• About this exercise: Could you reproduce, word for word, everything below from the line containing "Vintage Black Pleated" down to the line containing "Sliver Hoop Earrings", with both of those lines included and no others?

• Source data:

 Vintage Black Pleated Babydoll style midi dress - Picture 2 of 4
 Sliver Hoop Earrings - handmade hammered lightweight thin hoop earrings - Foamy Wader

--

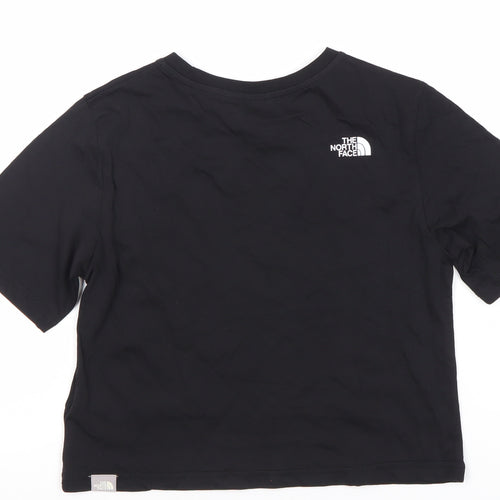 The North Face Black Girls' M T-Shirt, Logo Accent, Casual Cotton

• Task answer:
 Vintage Black Pleated Babydoll style midi dress - Picture 2 of 4
 Sliver Hoop Earrings - handmade hammered lightweight thin hoop earrings - Foamy Wader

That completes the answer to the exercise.